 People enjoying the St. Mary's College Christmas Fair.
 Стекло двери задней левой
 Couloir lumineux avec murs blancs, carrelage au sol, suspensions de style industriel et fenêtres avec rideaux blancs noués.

==

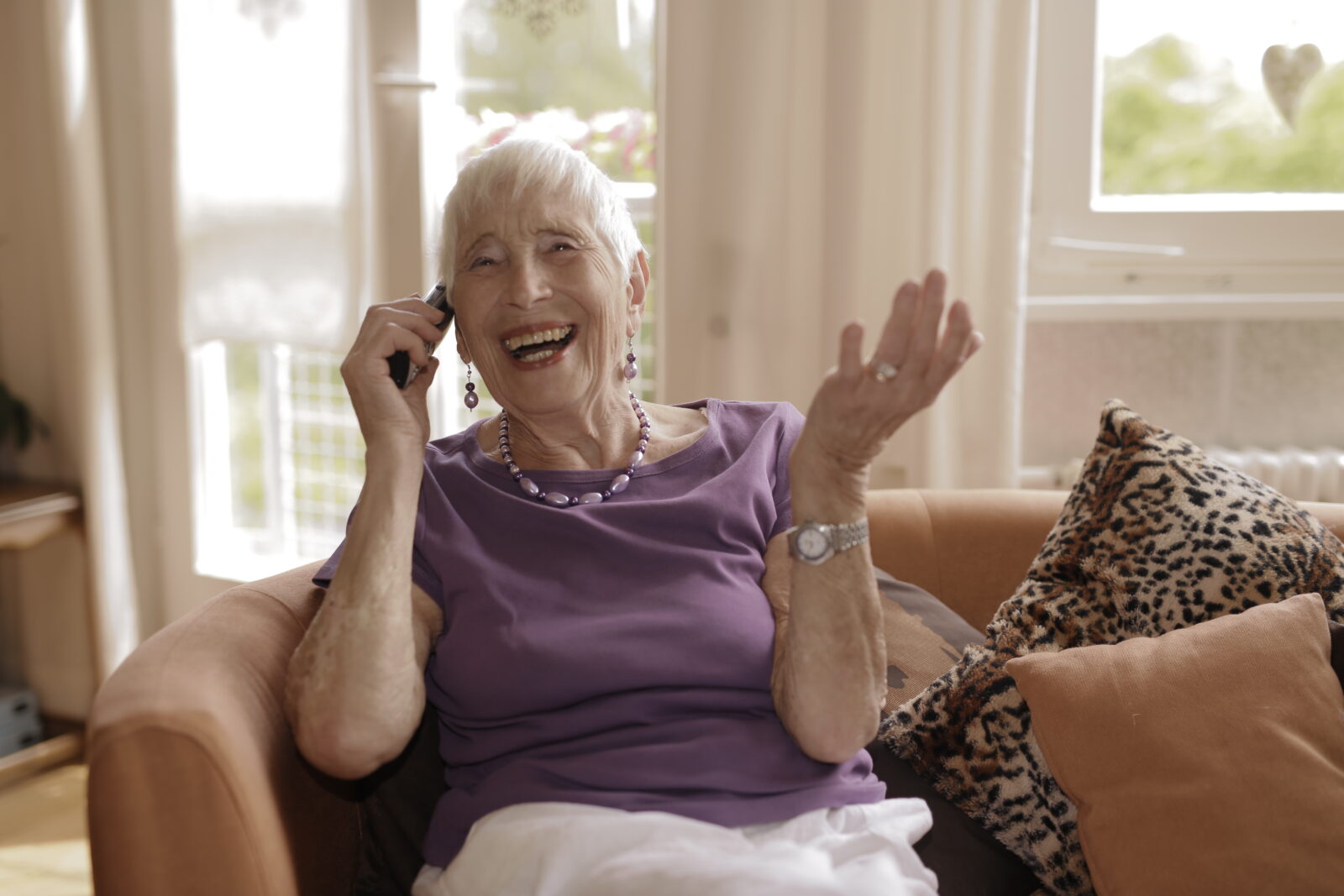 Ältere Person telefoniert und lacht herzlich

• _Description of the task_
From the listing above, the lines starting with the one that has "People enjoying the" and running through the one that has "Couloir lumineux avec" should be copied exactly, ends included.

• _Solution for this problem_
 People enjoying the St. Mary's College Christmas Fair.
 Стекло двери задней левой
 Couloir lumineux avec murs blancs, carrelage au sol, suspensions de style industriel et fenêtres avec rideaux blancs noués.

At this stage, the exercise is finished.